Ans: 1 System User, 2. Communication User
2. How to troubleshoot problems for background user?
Ans: using system Trace ST01
3. There are two options in the PFCG while modifying a role. One change authorizations and another expert mode-what is the difference between them?
Ans: Change authorization: This option we will use when we create new role and modify old role
Expert mode: i. Delete and recreate authorizations and profile
(All authorizations are recreated. Values which had previously been maintained, changed or entered manually are lost. Only the maintained values for organizational levels remain.)
ii. Edit old status(The last saved authorization data for the role is displayed. This is not useful if transactions in the role menu have been changed.)
iii. Read old data and merge with new data(If any changes happen in SU24 Authorizations we have to use this)
4. If we give Organizational values as * in the master role and want to restrict the derived roles for a specific country, how do we do?
Ans: We have to maintain org level for the country based on the plant and sales area etc in the derived Role.
5. What is the table name to see illegal passwords?
6. What is the table name to see the authorization objects for a user?
7. What are two main tables to maintain authorization objects?
Ans: USOBT, USOBX
8. How to secure tables in SAP?
Ans: Using Authorization group (S_TABU_DIS, S_TABU_CLI) in T.Code SE54
9. What are the critical authorization objects in Security?
Ans:S_user_obj,s_user_grp, s_user_agr , s_tabu_dis, s_tabu_cli , s_develop ,s_program
10. Difference between USOBT and USOBX tables?
Ans: 1.USOBT-Transaction VS Authorization objects
2. USOBX- Transaction VS Authorization objects check indicators
11. Use of Firefighter application
Ans: Whenever the request coming from the user for new authorization .the request goes to firefighter owner. FF owner proved the FF ID to normal user then the user (security admin) will assign the authority to those users (end user)
12. Where do we add the FF ids to the SAP user ids?
Ans:Go to Tcode /n/virsa/vfat >>goto fireFighter tab the give the ffID to firefighter with validity
13. How to create FF ids?
14. Different types of users
Ans: 1.Diolag user 2.service user 3.system user 4.communication user 5.refrences user
15. Different types of roles?
Ans: 1.Single role 2.Composite role 3.Derived role
16. Can a single role be used as a master role?
17. How to create derived role?
Ans:Go to PFCG type the Role name starting with Z .click on create role icon.Then right side you will find derived from here types the parent Role name
18. HR Security: How to create structural authorizations in HR
19. HR Security: What are the objects for HR and what is the importance of each HR object
Ans: P_PERNR object is used by a Person to see data related to his Personal Number
P_ORGXX HR: Master Data - Extended Check
20. How to copy 100 roles from a client 800 to client 900?

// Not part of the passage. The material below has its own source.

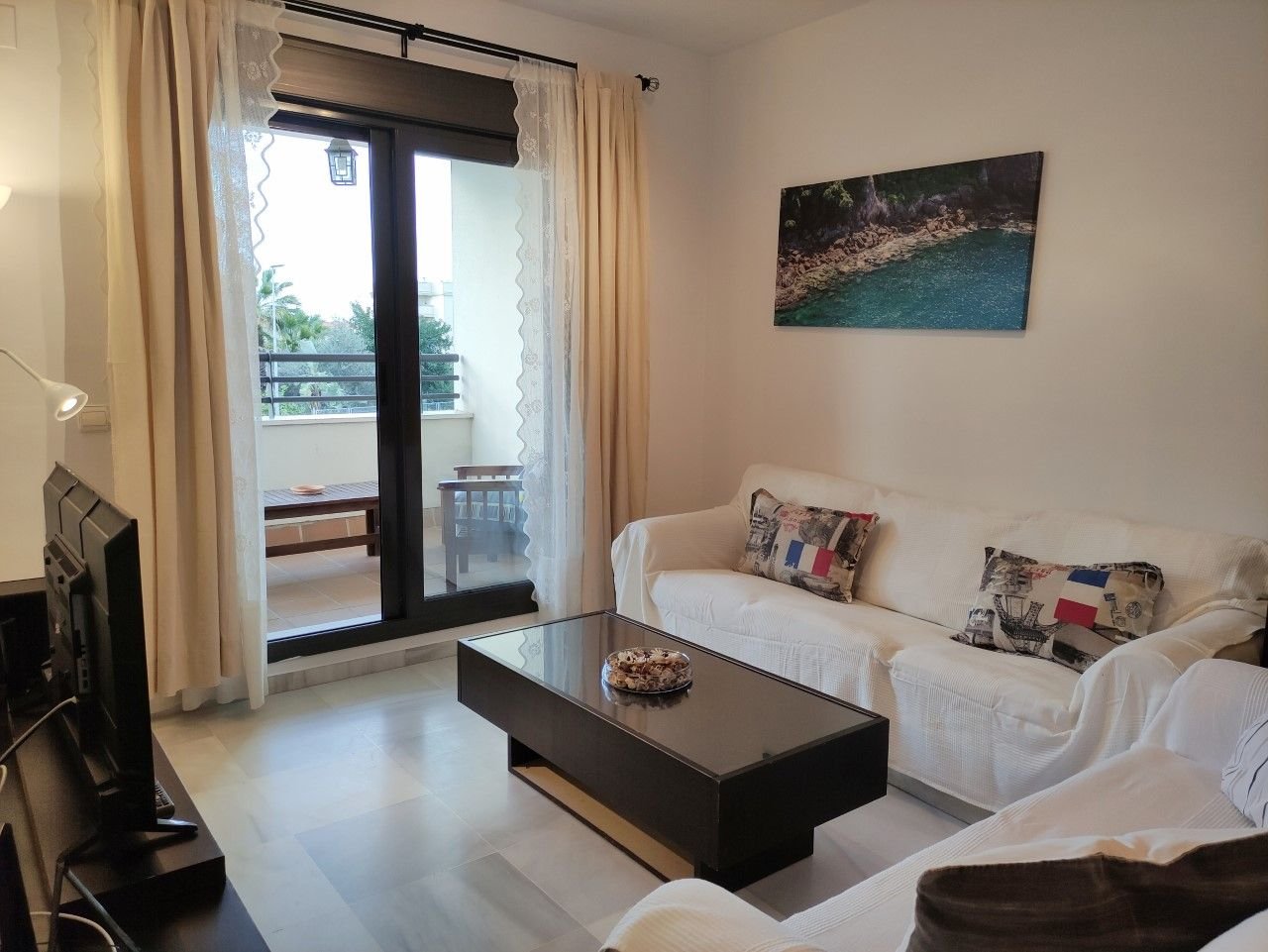 Piso de 100 m² en Sanlúcar de Barrameda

Ans: Add all 100 roles as one single composite Role and Transfer the Composite role automatically the 100 Role will transfer to the target client (Using SCC1)

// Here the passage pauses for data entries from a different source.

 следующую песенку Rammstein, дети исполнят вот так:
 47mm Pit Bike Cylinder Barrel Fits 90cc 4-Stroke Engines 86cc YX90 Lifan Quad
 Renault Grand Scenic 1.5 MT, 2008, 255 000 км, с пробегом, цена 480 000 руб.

21. User reports that they lost the access. We check in SUIM and no change docs found. How do you troubleshoot
Ans: Maybe user buffer full or role expired
22. What is the correct procedure for Mass Generation of Roles?
Ans: Using T.Code –SUPC
23. What is the T.Code SQVI? What is the main usage of this SQVI?
Ans: SQVI -Quick View
24. How can we maintain Organizational values? How can we create Organizational?
Ans: PFCG_ORGFIELD_CREATE in t-code SA38
25. I want to see the list of roles assigned to 10 different users. How do you do it?

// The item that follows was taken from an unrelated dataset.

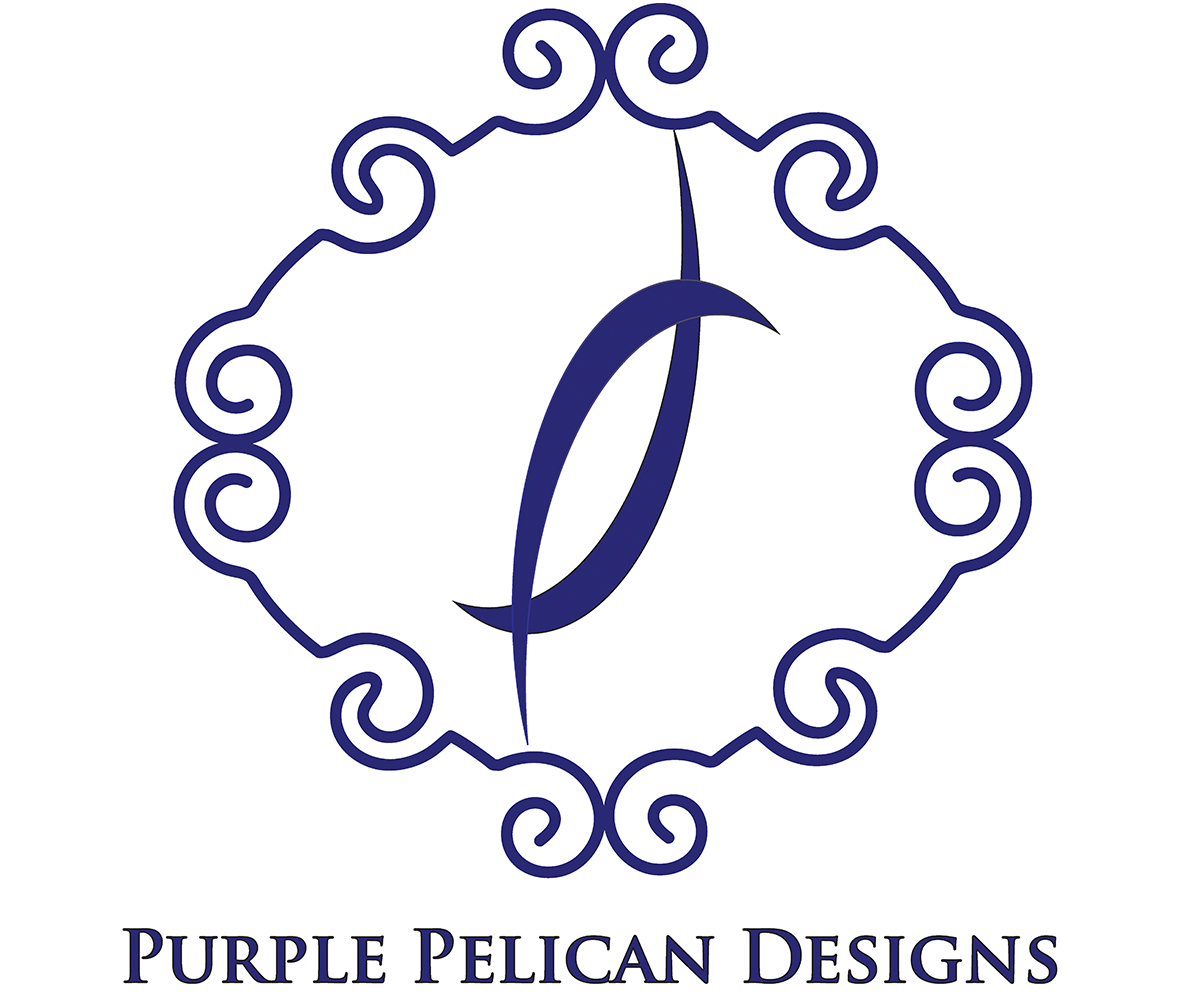 Design de Logo par jojo biswas pour Purple Pelican Designs | Design #5453097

- Goto se16 > agr_users then mention the 10 users name
- Goto SUIM > role by complex selection > type user names
26. What do you mean by User Buffer? How its works with the user's Authorizations?
Ans: User buffer means user context it contains user related information i.e.) authorizations, parameters, reports, earlier acceded screens .We can see the user context using T.Code –SU56
27. What is the advantage of CUA from a layman/manager point of view?
Ans: CUA used for maintaining and manage the users centrally.
28. What is the purpose of these Org. values?
Ans: Values: it’s used for restrict the user by values e.g. Sale order value (1-100) it means user can create only 100 sales orders not more than that
29. What is the main purpose of Parameters Groups & Personalization tabs in SU01 and Miniapps in PFCG?
- Parameter tab: its used to auto fills the some of the values during the creation of orders
- Personalization tab is user to restrict the user in selection criteria E.g.: while selecting pay slip it will show only last month pay slip by default. If u select the attendances it will show current month by default
- Miniapps- we can add some mini applications like calculator, calendar etc
30. How many maximum profiles we can assign to one user?